LOVED IT!!!! Eat Drink Man Woman done in Spainish....or Spanglish....The food was phenominal, acting pretty good....shoot I'd pay to see it again (absolutely the best endorsement of all).

I just went to the national ADA convention (American Dietian's Association) here in St Louis. Rick Bayless headlined with a talk/demo on "true Mexican food". Interesting how he mentioned Brad Pitt and Harrison Ford as he was removing his shirt to put on his chef coat......hmmmmm.....he also said that epazote is found all over the USA, apparently grows like a weed....he also has farmers raising corn smut!!! I love it, knew there was a market for it....my farmers think it is a plague. Couple of years ago I tried to find out how to prep it, hard to find recipes or info on it "cook it like mushrooms" now what does that mean???!!!


----------



## isa (Apr 4, 2000)

The film hasn't played here yet. If it's that good I'm hoping it will find a distributor.


----------



## olive branch (Oct 2, 2001)

Yeah, I LOVED this film. Did you see "Big Night"? Did you read "La Cucina"? I'm sort of on a book and movie food thing.
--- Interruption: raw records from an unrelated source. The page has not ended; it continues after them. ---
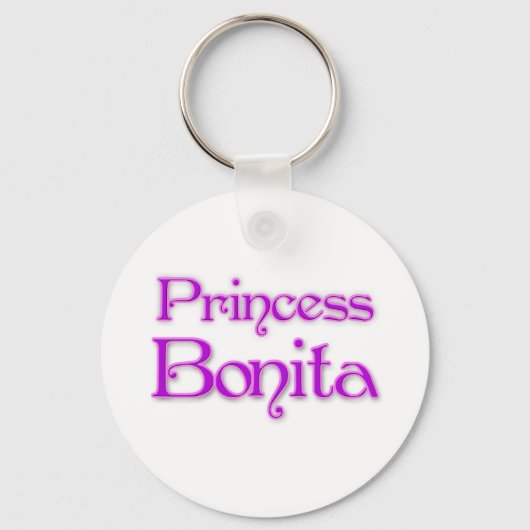 Princess Bonita Sleutelhanger (Voorkant)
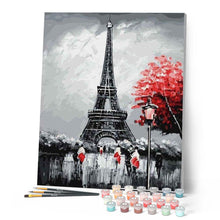 Laden Sie das Bild in den Galerie-Viewer, Malen nach Zahlen für Erwachsene | Paris Eiffelturm | Figured'Art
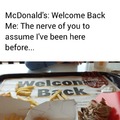 McDonald's has some nerve...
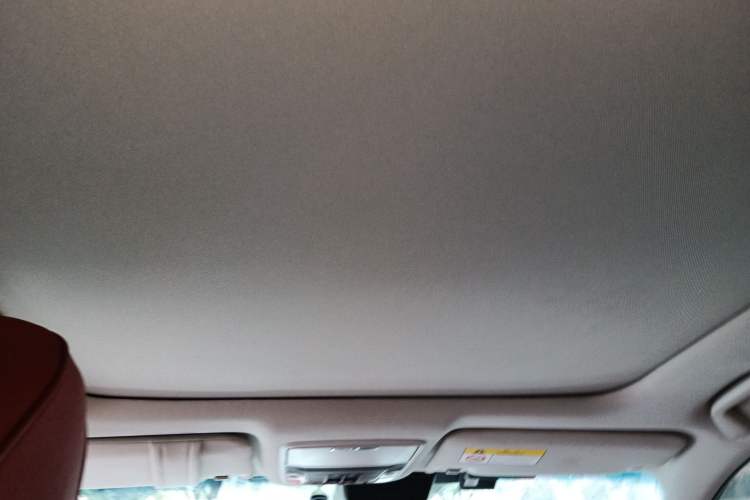 Used Honda Accord 2022 260TURBO Phantom Night · Prestige Edition Headliner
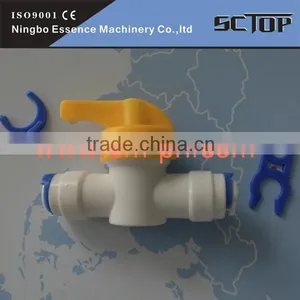 Air Hose Quick Fitting Pneutop 6mm Ways Pneumatic Quick Connector thumbnail-2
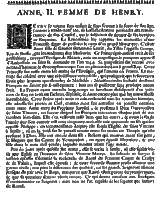 Сторінка з «Історії Франції» Мезере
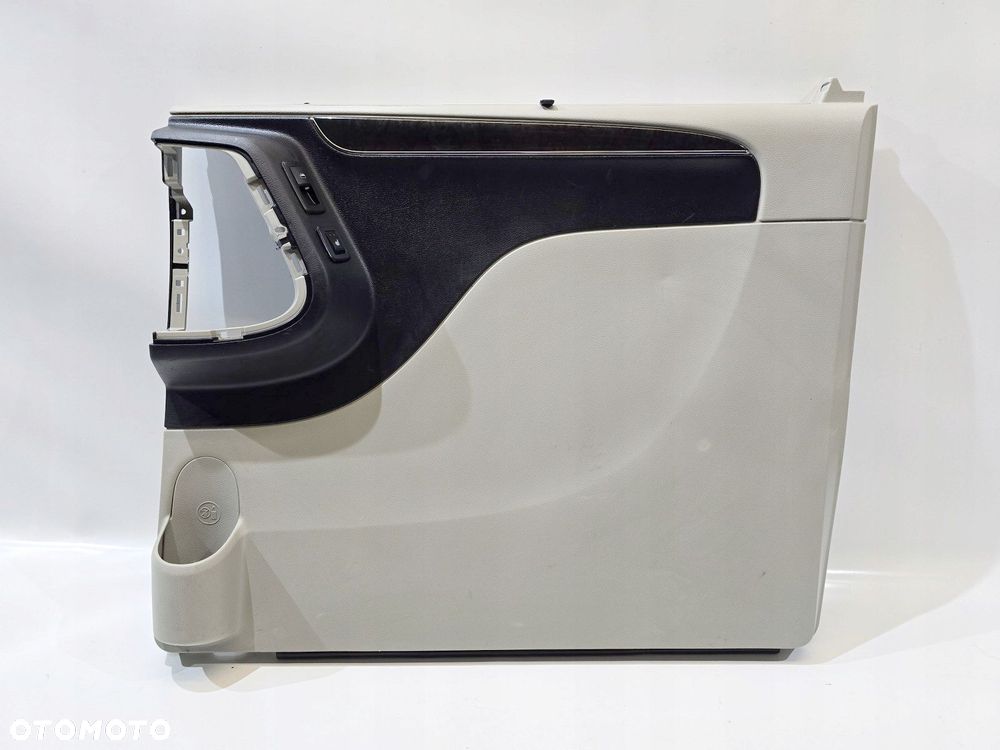tapicerka boczek roleta drzwi tył prawy lancia voyager town country 12r - 1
Did you read "The Best Thing I Ever Tasted"?!! What else? "Babette's Feast" is getting scratchy.

Love ~ Debbie


----------



## shroomgirl (Aug 11, 2000)

Yep saw Big Night, have not read La cucina, Babettes Feast is a classic....food is always an interesting topic to me.


----------



## layjo (Oct 12, 1999)

I loved this movie also! Saw it about a month ago and I can't wait to watch it again. The close up shots of the father preping the Sunday meal with ease and harmony! I like all the aspects of the movie, It kept me entertained. I would vote it as one of the best movies I have seen dealing with the love of the kitchen. Although it dosen't seem like it has got that much exposer "comercial ad" wise. But i would definately pay to see it again.


----------



## isa (Apr 4, 2000)

Let's not forget Chocolat.


----------



## shroomgirl (Aug 11, 2000)

I got Chocolat as a Valentines gift from my sweetie, anticipated the movie and was REALLY let down, I think the book was way better. Like Water for Chocolate is another matter, both the book and movie were phenominal.


----------



## isa (Apr 4, 2000)

You're the second person who said that to me. I will have to read that book. I did love the film.


----------



## olive branch (Oct 2, 2001)

Anybody read The Best Thing I Ever Tasted ? Really neat!

Love ~ Debbie


----------